Jillian Hessel’s “Learning From Two Masters” DVD Review
By Siri Galliano
Kneestretch Four has never looked as beautiful as on the cover of Jillian Hessel’s “Learning from Two Masters”. Top and bottom bordered in maroon it looks like a Monopoly card and in the game of Pilates, Ms. Hessel would like you to acquire this valuable piece of property to broaden the understanding of teachers not fortunate enough to know the work of her mentors, Carola Trier and Kathy Grant.
Carola Trier had a lot in common with her country mate Josef Pilates, both being German immigrants, performers in the circus world, and interred in a war prison. Like Joe, who would have taught her the work in German, she was very regimented and strong in her teaching, which began in the late 1950’s.
Kathy Grant, the first Black Pilates teacher and only one of two teachers in 1967 to receive written documents qualifying her to teach, was more of an intuitive teacher. Grant came from the world of theatre and concert dance, and she brings her own more subtle and nuanced interpretations to the work.
Jillian first started healing exercises with Kathy Grant for a pronounced scoliosis, and later began an old fashioned apprenticeship with Carola Trier, who for two months would only allow Jillian to offer clients a towel and assist them by holding their feet during Footwork exercises on the Universal Reformer.

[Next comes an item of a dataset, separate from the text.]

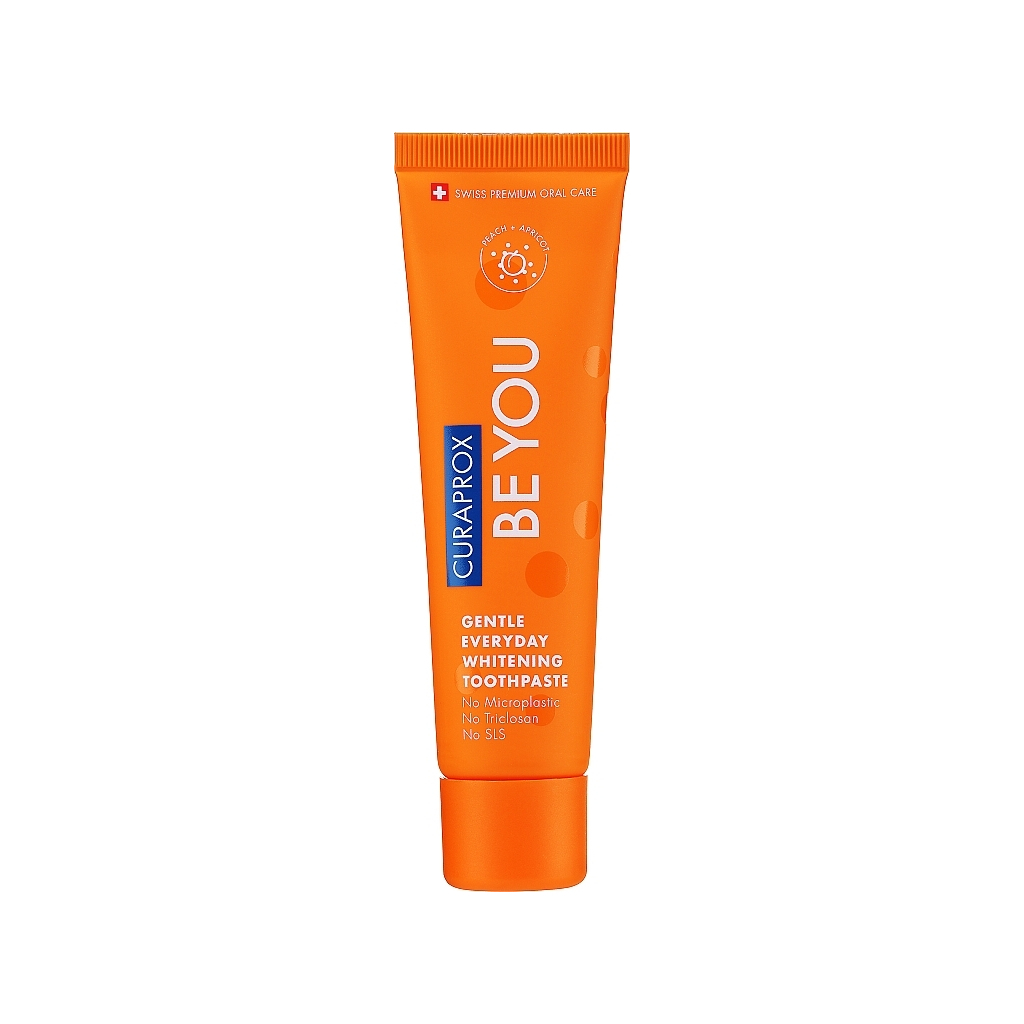 Зубна паста Curaprox Be You Вибілювальна Зі смаком персика й абрикоса з ментоловими кульками 60 мл (7612412429503) - фото 1 Зубна паста Curaprox Be You Вибілювальна Зі смаком персика й абрикоса з ментоловими кульками 60 мл (7612412429503) - фото 1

Hessel demonstrates in this re-released DVD, that she has listened, she has heard, and she has learned the work in her body from her teachers. The DVD is filled with many techniques and anecdotes. “With Kathy’s help I developed a completely new paradigm with which to observe, translate and process movement,” the lucky Jillian reveals. “Kathy evolved props, using not only tennis balls but also the tennis ball cover itself, wrapped up and squeezed between weak inner thighs. “She also trained her students to become self-reliant,” comments Ms. Hessel, “so she could check up on another client’s progress, or keep up with her bookkeeping.” The best of Kathy Grant’s advice is the awareness of the happy “singing” of the springs on a properly worked Reformer, and according to Hessel, she constantly admonished her students to resist the recoil of the springs as the carriage slides home.
Carola, famous for her fanaticism for precise placement of the feet in the Footwork, passed that intensity down to Jillian, and she firmly maintains the original classic four foot positions. She especially reinforced the second position “prehensile bird-on-a-perch” where she reminds us “the knuckles of the feet really need to pop out.” She is equally concerned that the root of the baby toe is pulled from its evolutionary downward spiral to an important part of every exercise.

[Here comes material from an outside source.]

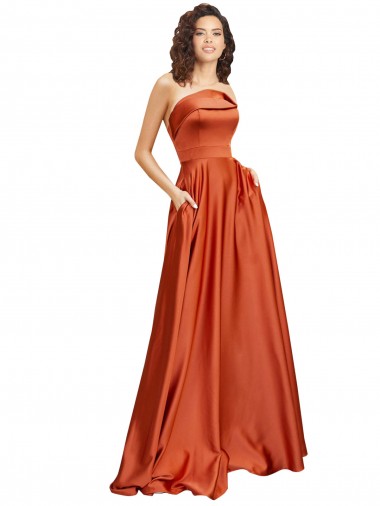 Outlet Strapless Sweep Train Silky Satin Prom Dress with Pleats UK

There are no photos or archival footage but Jillian has lots of stories to intersperse about the two very different teaching styles of her teachers, of which many new dialogue lines and movement combinations will be added to your practice the very next day.
The main legacy Jillian Hessel embraces, is transferring the movement fundamentals of the Matwork to the Reformer and the fluid transitions. “Carola, while teaching how to mount the Reformer, would say ‘sit down like you are at a cocktail party.’” In other words, don’t throw proper form away during the mundane everyday movements–rather, integrate the form into your lifestyle.
There is no similarity to Romana Kryzanowska’s work here, as Jillian believes that sitting up to remove springs during a Footwork-to-Hundreds transition with a Teaser or modified Teaser is not good for a bad back and emphasizes straddling the Reformer instead. From Carola she also learned service and how to treat the client. “Carola called certain exercises ‘candy’ and she would say “candy always keeps them coming back” shares Jillian as she demonstrates the more addictive exercises. Another fond memory is when Jillian does an excellent imitation of Carola’s German accent “From the head to the heel you’re a piece of steel.”
From Carola’s background as an acrobat Jillian shares many of the more enduring combinations, such as Teaser-with-Hundred-Leg Beats, ten Scissors-in-the-Backstroke, and an exciting long box sequence of Teaser-to-Double-Leg-Stretch-to-Rolling-Like-a-Ball, that will give you stronger choices and stronger abs.
The easy to navigate chapter buttons make studying the most forgotten archival exercise from Kathy Grant, what she calls “Reverse Horseback” easy to review. Jillian does instruct for the injured as well as the athletic, reflective of her background, smoothly within the same format. She uses both ballet and anatomical descriptions with her own additions, such as the exercise positions for Backstroke Swimming (Cry-Baby Hands), and Semi-Circles (Butt in the Hole). Even though she may use terms the beginner is unfamiliar with, such as transverse longitudinals or neutral spine, her hand presses the pubic bone or foot down to reinforce her message.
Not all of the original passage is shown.